As an agent, I think about this a lot. When I’m looking at submissions of literary or “upmarket” commercial fiction, this question is always setting off sparks on the left side of my brain. Of course the big question for me is whether the book is sucking me into an immersive trancelike vortex that makes me want to stay up all night and turn the pages. But I keep having these intrusive thoughts in my mind: “Who’s the audience? Will women relate to this? Do I really understand what women want anyway?”

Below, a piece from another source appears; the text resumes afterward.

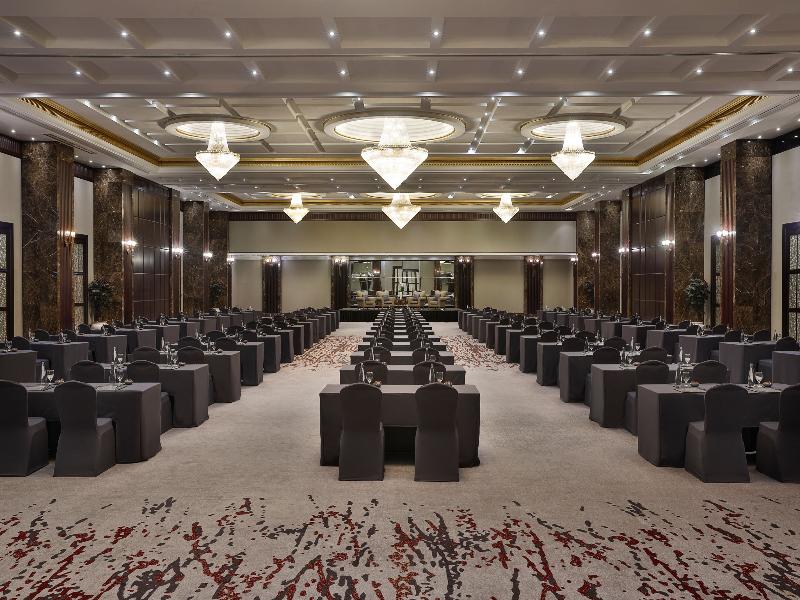 Beach Rotana - Toplantı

So far most of the novels that I have taken on are by women authors and from the point of view of women characters. I am completely smitten by all of my novels. Haunted really. Obsessed even. And I know they must appeal to women as well as men. How do I know? Because I ask my wife Leslie to read them. And if she stays up all night, quid erat demonstratum. (For the record, I have represented male authors as well and I am as smitten with them as with my female authors.)
Pretty much every estimate and survey shows that women are the audience for a vast majority of this kind of fiction. Actually, 60% of all books, fiction and non-fiction, are bought by women. Men read relatively little fiction and overwhelmingly what they read is genre fiction, action, thrillers, and suspense. Men primarily read non-fiction – manly subjects like golf tips, right wing screeds, and “how to make ten minute meals”. Ok. That’s a cheap shot.
Jodi Picoult
Jennifer Weiner
Last year Jennifer Weiner and Jodi Picoult threw down their gage at the literary fiction establishment and led an assault on the almost universal critical raves of Jonathan Franzen’s Freedom. He was hailed as a genius and his work a masterpiece. Weiner and Picoult, whose books have sold millions, pointed out that fiction by women tends to be dismissed as “commercial” or “women’s” fiction. There was a great interview of them in The Huffington Post where they discussed this issue.